The bill would also strengthen children’s privacy protections under the Children’s Online Privacy Protection Act and features a data breach notification provision that sets forth the circumstances under which a covered entity must provide notice to consumers, the FTC, third parties, service providers, and credit reporting agencies of a data security failure. Exemptions exist if the company concludes “there is no reasonable risk of identity theft, fraud, or other unlawful conduct.”
In the House, Reps. Peter Welch (D-Vt.) and Marsha Blackburn (R-Tenn.) introduced the Data Security and Breach Notification Act, the latest proposal in the long line of privacy legislation.
The bill covers entities that “acquire, maintain, store, sell or otherwise use personal information in electronic form” to maintain “reasonable security measures and practices” as appropriate for the size and complexity of the business. A breach would trigger “a reasonable and prompt investigation” to determine the risk that identity theft, economic loss, economic harm, or financial harm could result to consumers.
If the investigation finds in the affirmative, the company has 30 days to notify consumers.

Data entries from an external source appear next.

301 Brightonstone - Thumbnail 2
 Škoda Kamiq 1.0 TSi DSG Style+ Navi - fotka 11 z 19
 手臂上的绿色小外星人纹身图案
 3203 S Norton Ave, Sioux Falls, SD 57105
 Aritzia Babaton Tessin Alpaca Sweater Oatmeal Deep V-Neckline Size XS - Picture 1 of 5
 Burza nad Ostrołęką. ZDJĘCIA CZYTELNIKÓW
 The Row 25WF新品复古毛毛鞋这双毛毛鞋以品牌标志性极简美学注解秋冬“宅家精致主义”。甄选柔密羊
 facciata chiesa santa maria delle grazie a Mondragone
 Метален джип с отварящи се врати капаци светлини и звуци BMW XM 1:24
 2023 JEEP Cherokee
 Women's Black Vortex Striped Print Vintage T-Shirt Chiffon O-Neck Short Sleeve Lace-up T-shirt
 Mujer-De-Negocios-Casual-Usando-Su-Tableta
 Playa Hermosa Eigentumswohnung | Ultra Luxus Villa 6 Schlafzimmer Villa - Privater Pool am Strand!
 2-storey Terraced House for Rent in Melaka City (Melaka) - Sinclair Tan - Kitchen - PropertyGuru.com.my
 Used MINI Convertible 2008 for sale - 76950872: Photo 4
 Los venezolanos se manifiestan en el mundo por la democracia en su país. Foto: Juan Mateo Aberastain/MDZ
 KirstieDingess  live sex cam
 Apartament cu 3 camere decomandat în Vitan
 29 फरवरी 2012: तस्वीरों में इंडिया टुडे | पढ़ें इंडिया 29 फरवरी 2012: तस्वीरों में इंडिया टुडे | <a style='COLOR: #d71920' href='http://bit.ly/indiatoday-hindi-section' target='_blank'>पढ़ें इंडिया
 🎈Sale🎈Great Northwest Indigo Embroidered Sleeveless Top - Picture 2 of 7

The Act would preempt all state and federal data security laws currently in place, with enforcement power granted to state attorneys general (with the ability to recover up to $2.5 million per violation) as well as the FTC. No private cause of action was created and companies already subject to federal data security and notification regimes would be exempt.
To read President Obama’s remarks at Stanford University, click here.
To read the President’s executive order, click here.
To read the Cyber Threat Sharing Act of 2015, click here.
To read the proposed Consumer Privacy Bill of Rights of 2015, click here.
To read the Commercial Privacy Rights Act of 2015, click here.
To read the Data Security and Breach Notification Act, click here.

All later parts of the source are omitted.